Tuvimos que superar resistencias y oposiciones, tanto internas como externas. Han sido reiteradas las operaciones de vaciamiento de sentido que realiza la oposición sobre los logros realizados.

Diariamente soportamos la violencia simbólica que se ejerce desde el agravio y el prejuicio, por sobre la discusión y el respeto a la institucionalidad democrática.

Ante los peores escenarios tanto internos -crisis con “el campo”-, como externo -crisis económica internacional-, hemos tenido certezas desde la conducción política. Desde 2003, nuestro Presidente y nuestra Presidenta mantuvieron dos criterios: que la solución a los problemas tiene un carácter político antes que económico; y que debe sostenerse la demanda agregada, es decir la capacidad de compra de los sectores populares.

Es decir, una lógica que englobe al conjunto de la sociedad, garantizando su pertenencia e inclusión a través del empleo y un Estado presente que acompañe.

Algunos sectores de poder no nos perdonan este criterio de justicia social, o la actualización de la Asignación Universal por Hijo, o de las jubilaciones que semestralmente se hace por ley.

Quizás les duela que hemos priorizado el mercado interno y la reindustrialización por sobre la especulación financiera, con un marco macroeconómico que tiene soberanía en la toma de decisiones.

Esos sectores quieren convencer a la clase media que no tiene lugar en el proyecto nacional pero no es así, ya que el conjunto de la sociedad está mejor que hace diez años, y nadie se realiza en una comunidad que no se realiza.

Por supuesto nos queda una agenda de temas a resolver. Vivimos un proceso de transformación en paz, y la coherencia de las acciones consecutivas dentro de una racionalidad política, conlleva pujas permanentes en la productividad, en la redistribución de excedentes, en la ampliación de derechos para hacer más equitativa nuestra sociedad.

Para seguir avanzando, debemos superar la visión de “suma cero”. Porque no sólo se trata de repartir mejor la torta del ingreso, sino al mismo tiempo hay que agrandarla, como también se ha hecho durante 2003-2013, con la elevación del Producto Bruto Interno per cápita hasta casi 13.000 U$S. Eso es posible, así funcionan las economías desarrolladas, y para ello debemos disponer de más tecnología, más valor agregado.

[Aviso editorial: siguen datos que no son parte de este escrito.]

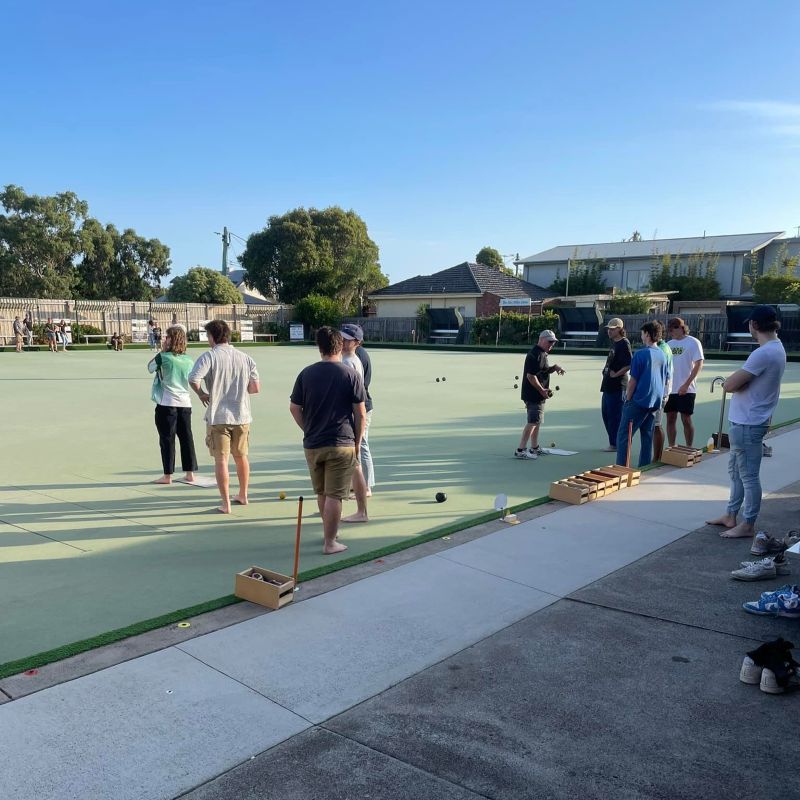 Barefoot Bowls at Mordialloc Bowls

También debemos seguir mejorando la productividad, y de ese modo aumentar los salarios para las grandes masas populares, al tiempo que se consolide un entramado económico nacional con altas tasas de reinversión.

Las soluciones encontradas en la última década, demuestran a las claras que tenemos la credibilidad para afrontar los desafíos que se abren el 26 de mayo. Tenemos la firme convicción que el rumbo seguido nos permitirá darle a nuestro país diez años más de felicidad para el pueblo y grandeza para la Nación.